Yo tenía un dron

Qué felices me las prometía yo mientras seguía con la mirada como el dron volaba cada vez más alto y más lejos.  Por fin estaba disfrutando con el juguetito tras unos primeros vuelos algo patéticos. El vuelo inaugural no fue digno ni siquiera de ese nombre pues consistió en unos cuantos intentos de despegue algo caguetas por mi parte en forma de saltos de la rana que no consiguieron sobrepasar el metro y medio de altura. Avergonzado por mi poco valor y pericia al día siguiente decidí ofrecer la mejor versión de mí mismo. Enchufé el bicho y aguantando la respiración le di a la palanca del mando hasta arriba sin miramientos. El aparato salió zumbando hacia el cielo a tal velocidad que la mejor versión de mí mismo se cagó un poco y bajé otra vez la palanca de golpe consiguiendo que el dron describiese una parábola perfecta que lo llevó de vuelta contra el asfalto a velocidad creciente. Los destrozos en la estructura de la nave y en mi orgullo como piloto fueron cuantiosos y me fui a casa por donde había venido.

Pero hoy, al tercer día, en la playa, he conseguido despegarlo sin sobresaltos y después de unos vuelos renqueantes ahora he tomado el control y consigo que el dron suba y suba mientras lo hago girar a voluntad. Ha sido buena idea venir a la playa a volarlo. Hay más espacio que en el parking de Pachá donde lo estrellé ayer y además el sol mañanero tiñe todo de una épica que viene muy bien para intentar olvidar que tienes casi cuarenta años y has madrugado en tu día libre para hacer el moñas con un juguetito en la playa.
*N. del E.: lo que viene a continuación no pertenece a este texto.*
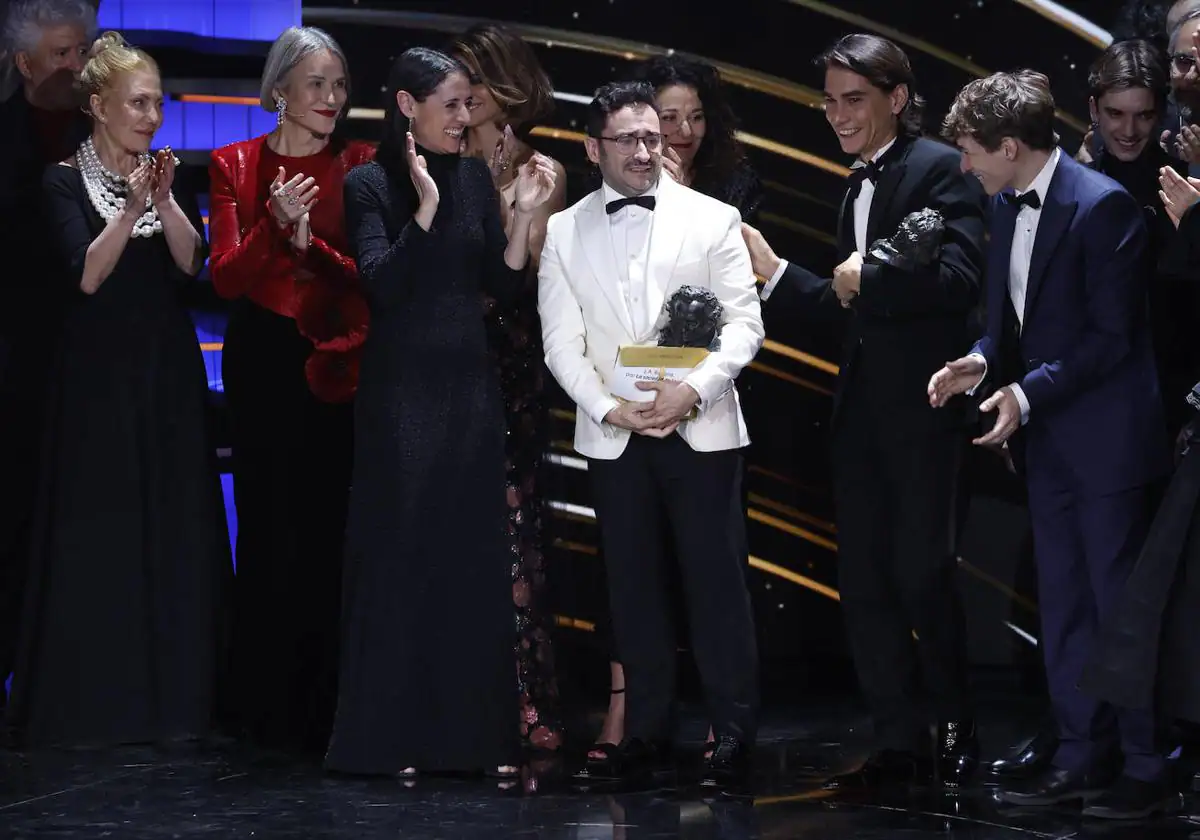 Juan Antonio Bayona, visiblemente emocionado, después de que 'La sociedad de la nieve' haya recibido el Goya a mejor película.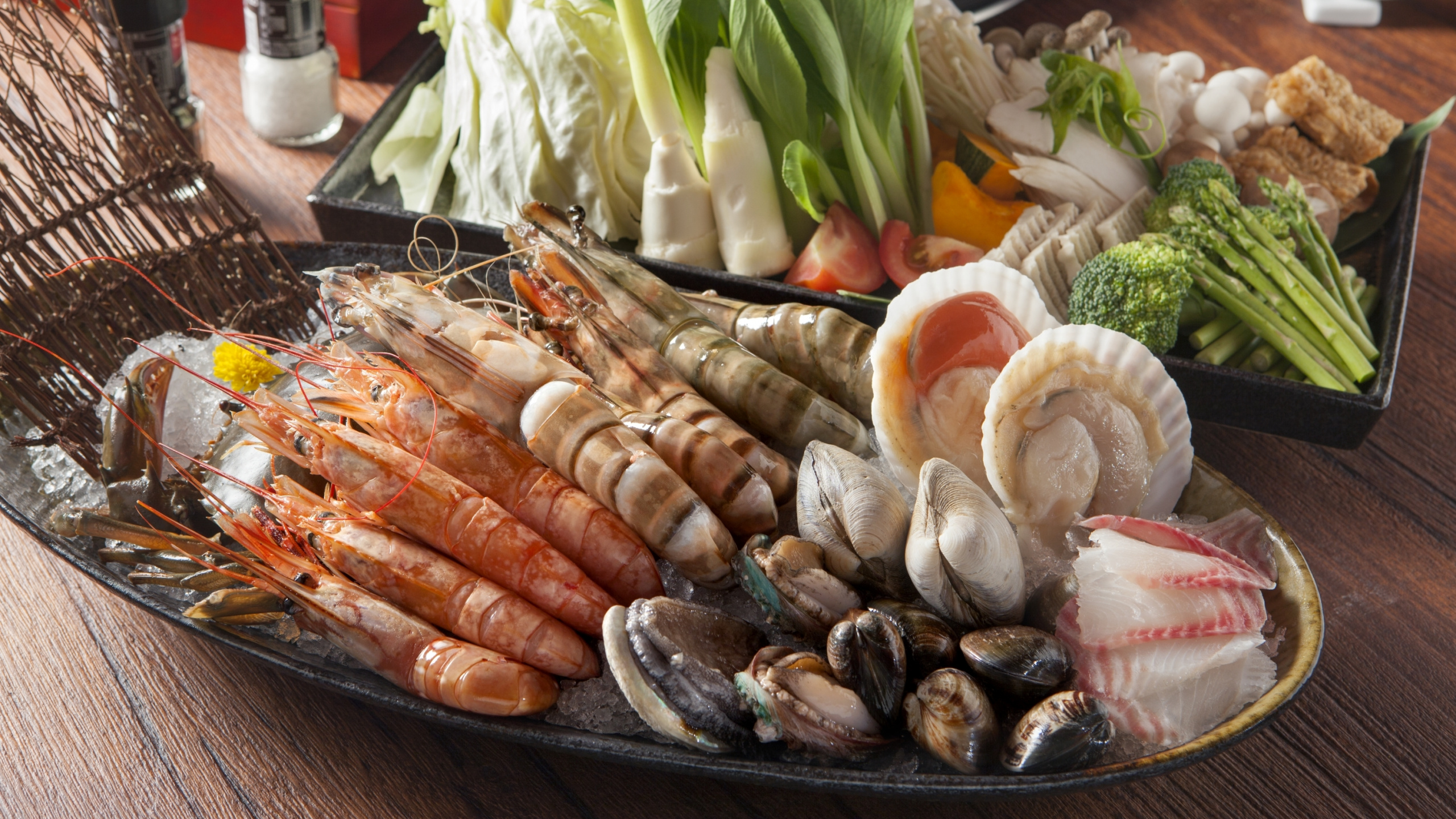 Raw Fish on Brown Wooden Chopping Board. Wallpaper in 2560x1440 Resolution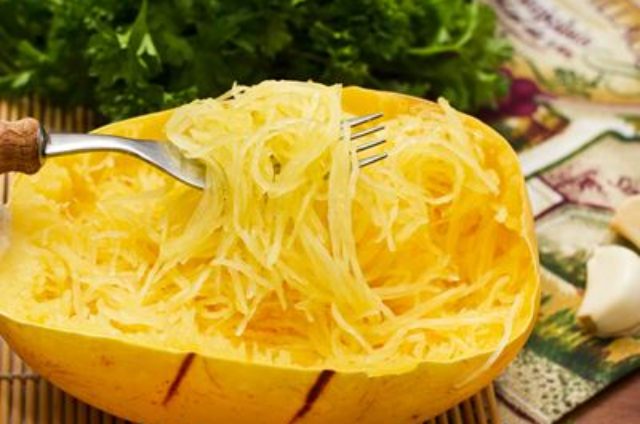 Gratin de courge spaghetti et tomates cerises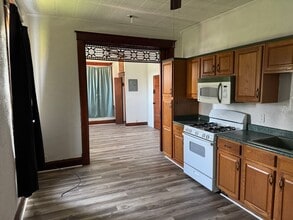 114 S 12th St in St. Joseph, MO - Building Photo - Building Photo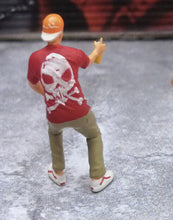 Load image into Gallery viewer, 1:64 Painted Figure Mini Model Miniature Resin Diorama Garage Repair Lady Girl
No sé cuando me he dado cuenta de lo que estaba pasando, solo sé que ha sido demasiado tarde. Todo ha ocurrido muy deprisa. Un movimiento del dedo sobre la palanca, una falta de respuesta del aparato, un negro presagio cobrando forma. Por haberme flipado tanto volándolo el bicho se ha ido tan lejos que ha escapado a mi control y ahora está a merced del viento. Cagadón. Y no puedo seguirlo como un tolay esperando a que se le acabe la batería para recuperar lo que quede tras el leñazo contra el suelo porque la playa lo que tiene es que hay mar y el hijo de puta del viento sopla justo en esa dirección. El emoticono ese de wassap que muestra un fajo de billetes con alas cruza volando con parsimonia por mi mente. Intento mantener la calma y trato recuperar el control de la nave con una experta maniobra consistente en zarandear el mando de control con brusquedad y darle a la palanca arriba y abajo como un mono loco chillando “vuelve vuelve vuelveeeee”.

No ha vuelto. Y mira que he esperado un buen rato por si se daba un milagro de la física climatológica y una racha de viento me lo devolvía. Pero no. No ha habido suerte. Bueno, la ha habido, pero de la de siempre, de la mala. Como la tipa esa de la canción de Maná me he quedado una eternidad mirando el mar con la vista fija en el punto exacto en el que había dejado de verlo. No quería asumir la pérdida y he seguido manteniendo el mando encendido un buen rato como último punto de contacto vital con el aparato.  No quería aceptar el hecho de que mi juguetito acababa de desaparecer para siempre delante de mis ojos. Ya no era mi dron, ahora era mi primer dron. Apagar el mando y darle la espalda al mar, asumiendo que acababa de perder el dron y que sigo siendo un melón, me ha retrotraído a mi infancia y al sentimiento de desamparo que viví la primera vez que se me coló una pelota tras una tapia y me quedé sin pelota como me quedé sin abuela. Eso hablando con el corazón. Hablando con el bolsillo duele lo mismo o más. El puto dron me había costado cien eurazos. El fajo con alas emite un graznido desde alguna oscura parte de mi cerebro.